Ecco quindi la differenza tra cristianesimo e islam: il primo “dice la sua, ma non ha la possibilità di fare pressione sulla gente“; il secondo, invece, permea tutta la vita degli aderenti alla comunità. “C’è una sorta di ricatto, uno scambio: usano tutto a fini politici”: come le proteste per le moschee troppo piccole, o il fatto che lo Stato non dia la stessa dignità al cristianesimo e all’islam. Ma è un ricatto. Il ricatto islamista. “La verità – scrive Semir – è che siamo incoscienti: se si impediosce di occupare le strade, passa l’idea che si sia anti-musulmani. Invece è solo una norma di buon senso. Gli islamisti, i fondamentalisti islamici usano tutti i mezzi per imporsi“. “I gruppi radicali – continua – hanno come scopo principale di diffondere la loro visione dell’islam, perché per loro è quello l’autentico islam. Di conseguenza questi quartieri che un tempo erano misti, diventano quartieri musulmani radicali”.

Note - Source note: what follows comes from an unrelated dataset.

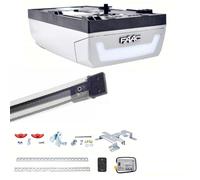 FAAC DOLPHIN KIT 24V PORTA BASCULANTE MOLLA SEZIONALE GARAGE BOX + GUIDA 2.6M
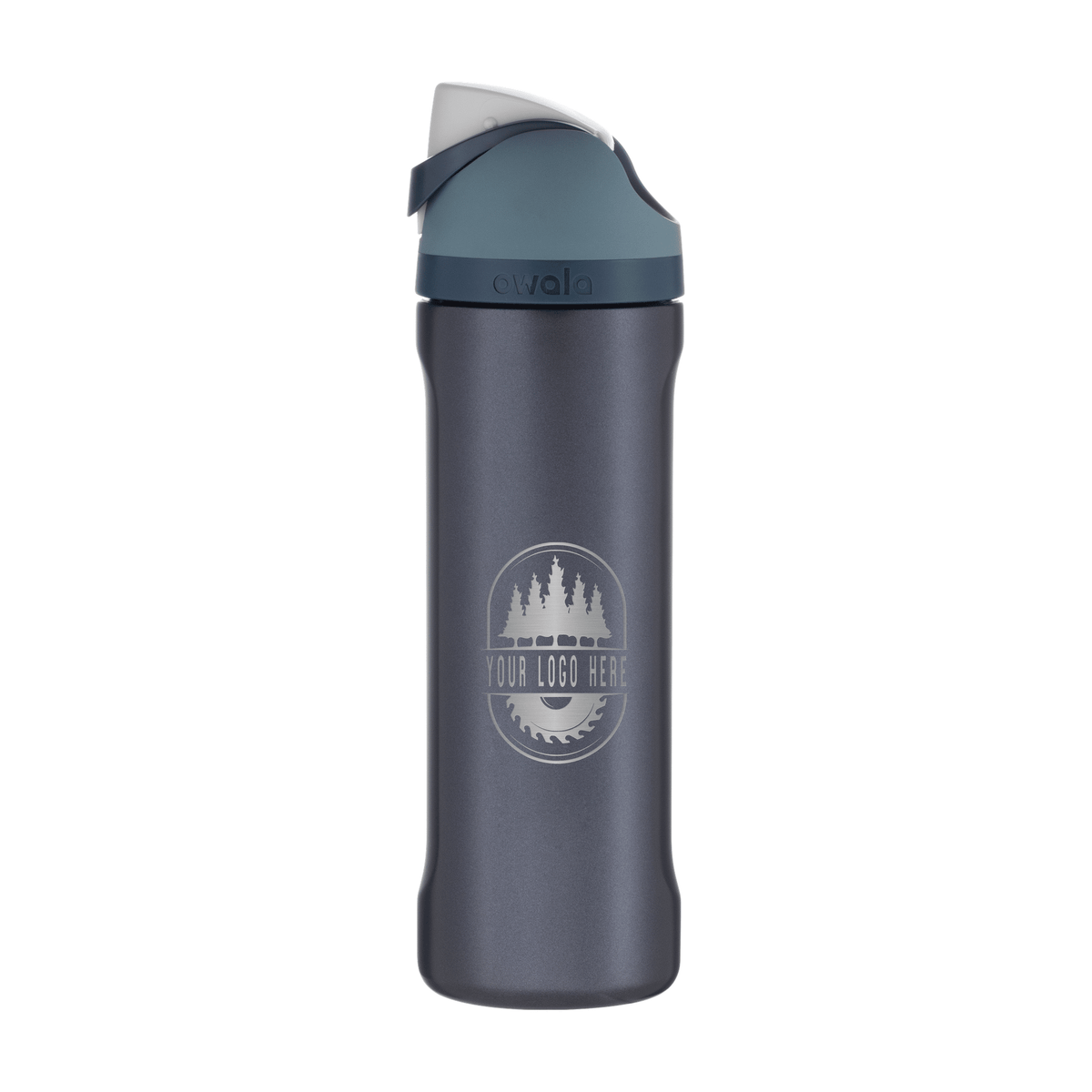 Custom Owala FreeSip 24oz with Laser Engraving - Etchified-Owala®-78836-G-78813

Infine, il consigliere di Ratzinger smonta la retorica buonista: “Lo Stato – scrive – deve spigare agli immigrati che ci sono delle condizioni necessarie da rispettare, prima di tutte la necissità d’imparare la lingua nazionale (…) e che ci si comporta non solo secondo le leggi, ma anche secondo le norme e le usanze delle nostre società“. Poi aggiunge: “È banale ricondurre l’ondata integralista nelle banlieue a problemi socio-economici. Riflettiamo sulla disoccupazione: sono disoccupati perché non hanno imparato un mestiere in modo corretto, in modo da essere ricercati e non rigettati“.
Ecco perché non bisogna piegarsi al ricatto islamico. Non bisogna cedere. Nei musulmani c’è la “volontà di marginalizzarsi. Bisogna confrontarsi con un fatto chiaro: l’Europeo è diverso dal musulmano nella sua mentalità. La causa di ciò non è lo Stato: la causa sono io, musulmano, che rifiuto l’integrazione in nome della fede“.